● Entries taken from a collection
----

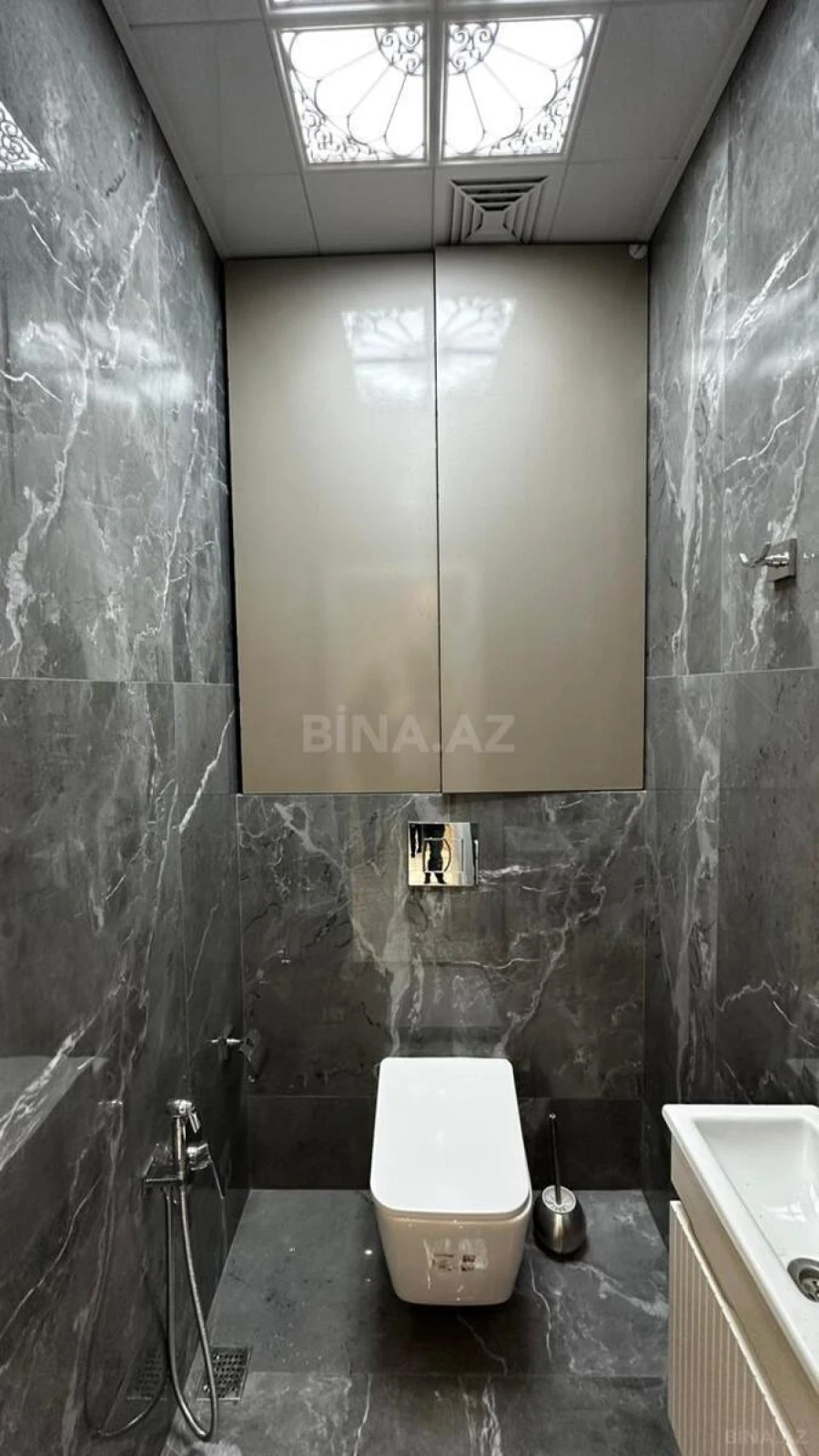 Satılır 2 otaqlı mənzil 78 m²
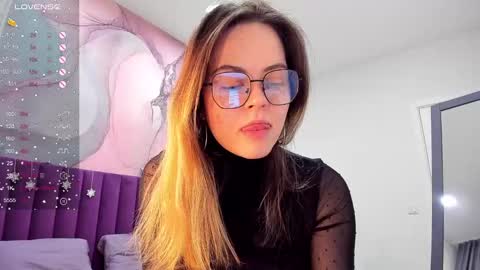 Snapshot of kelly_cuutie chatting on 01/10/25, 03:50 Kelly online show from 01/10/25, 03:50
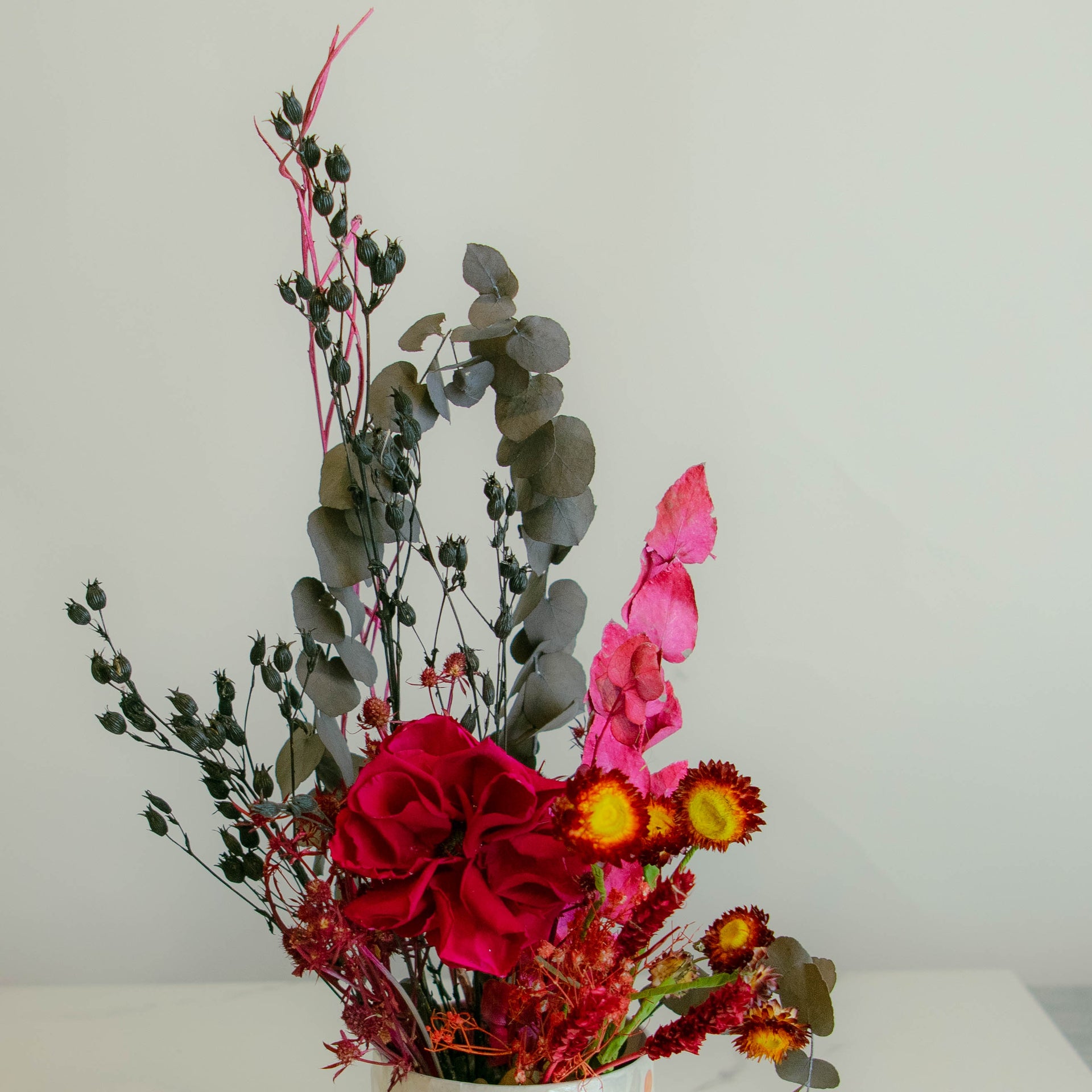 PDRY-116-KISSES PETALS-Dried Flower Centrepiece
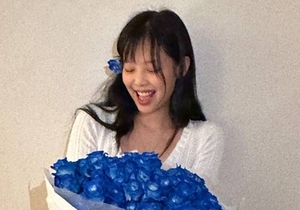 블랙핑크(BLACKPINK) 제니, 母 생일 선물에 미소 가득…“my blue roses”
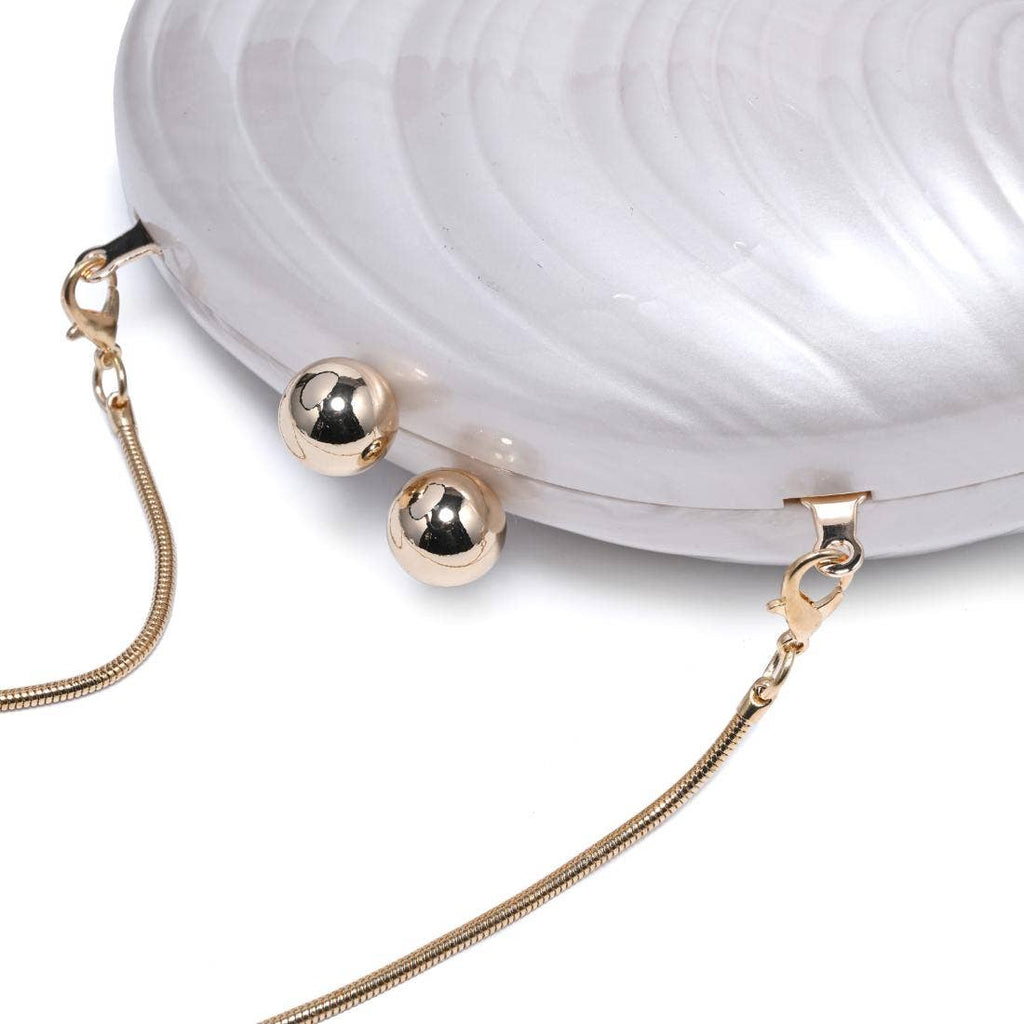 Shell Shaped Clutch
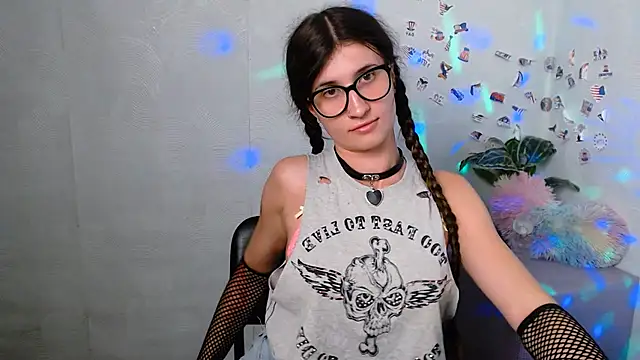 Chat +18 de MaryEm976 ao vivo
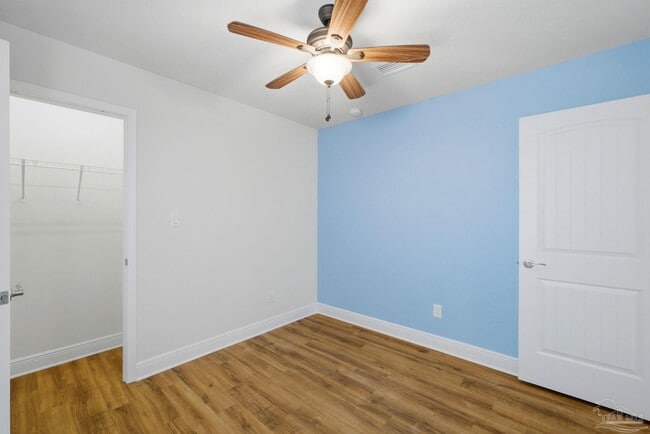 Building Photo - 12264 Pinfish Rd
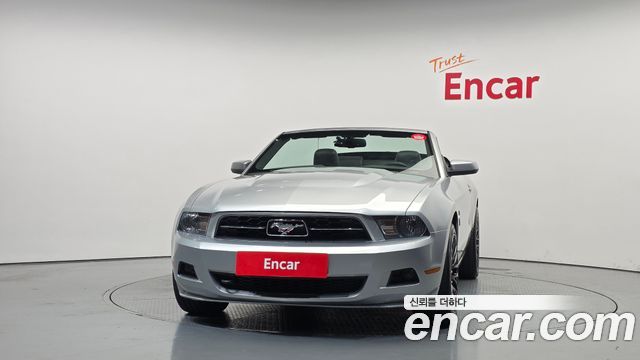 Ford Mustang 2010 — photo 3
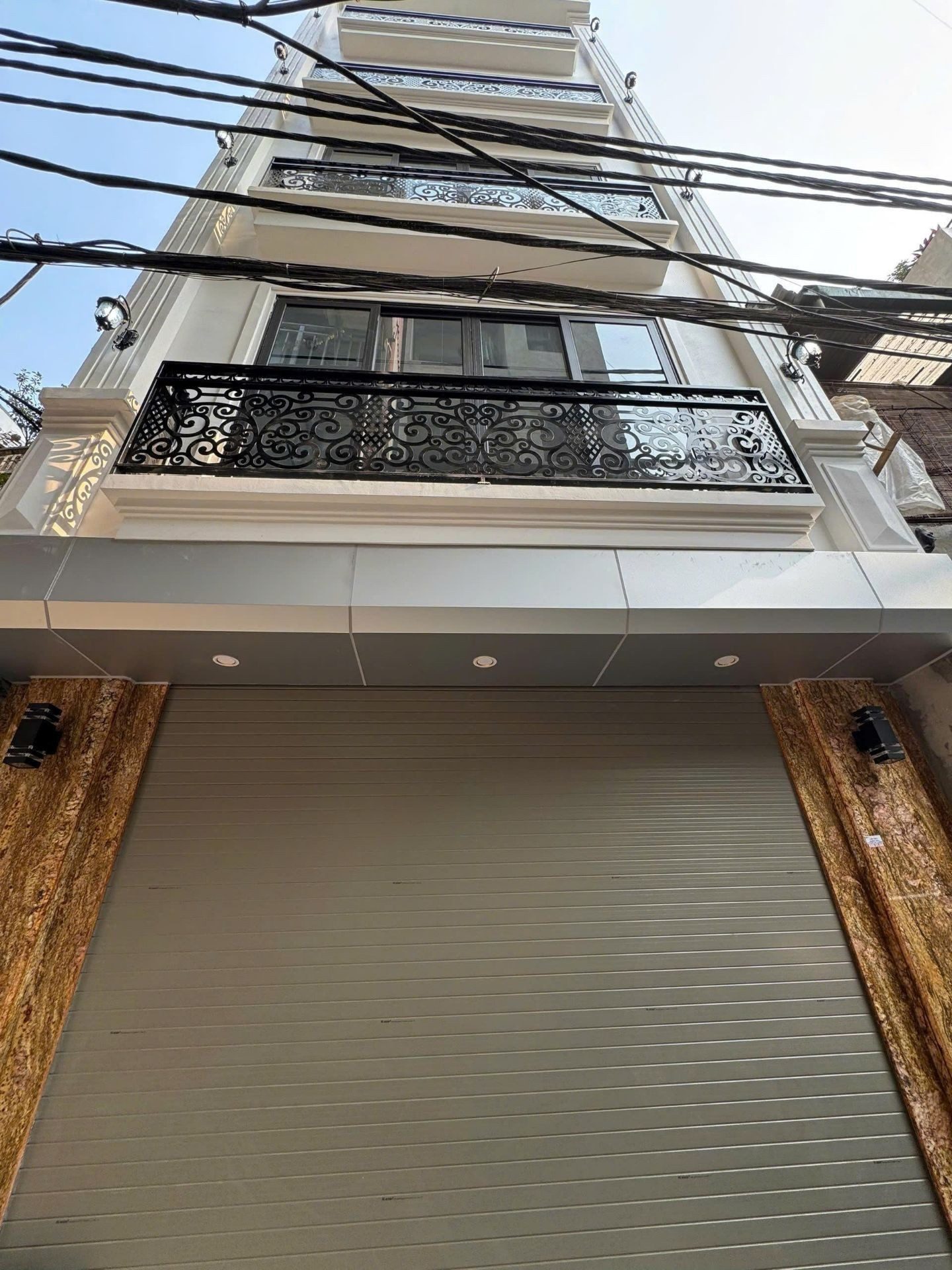 Cầu Lủ Trần Hòa – Ô tô đỗ trước nhà – Lô góc bề thế thu tài lộc thịnh vượng cho chủ nhân may mắn sở hữu
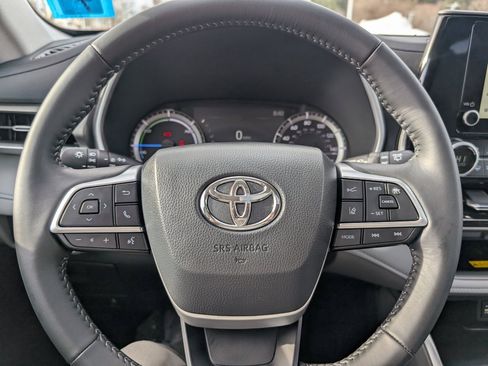 Used 2026 Toyota Highlander XLE image 28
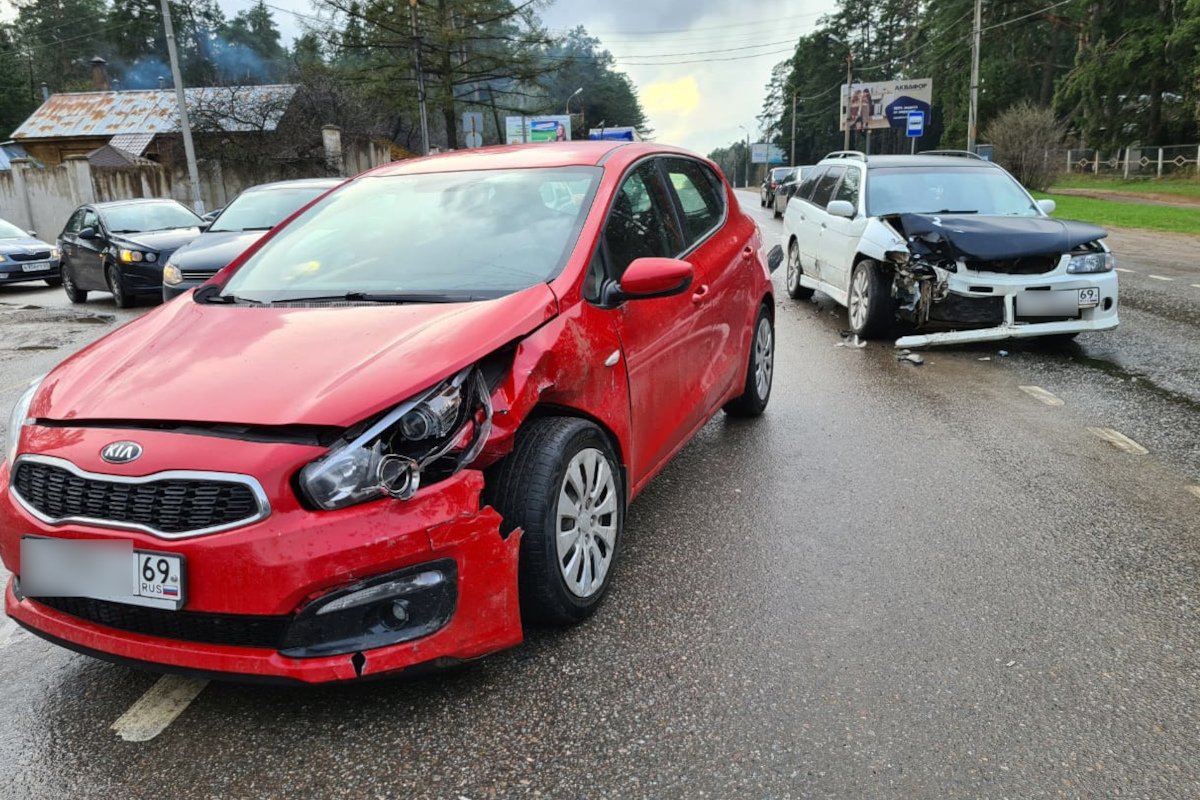 В Заволжском районе Твери Kia Ceed протаранил Nissan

----

● PROBLEM TO WORK ON
Lines from the one with "Chat +18 de MaryEm976 ao vivo" through the final line of the records are the whole answer; print them exactly, minus any pictures.

● REPLY
 Chat +18 de MaryEm976 ao vivo
 Building Photo - 12264 Pinfish Rd
 Ford Mustang 2010 — photo 3
 Cầu Lủ Trần Hòa – Ô tô đỗ trước nhà – Lô góc bề thế thu tài lộc thịnh vượng cho chủ nhân may mắn sở hữu
 Used 2026 Toyota Highlander XLE image 28
 В Заволжском районе Твери Kia Ceed протаранил Nissan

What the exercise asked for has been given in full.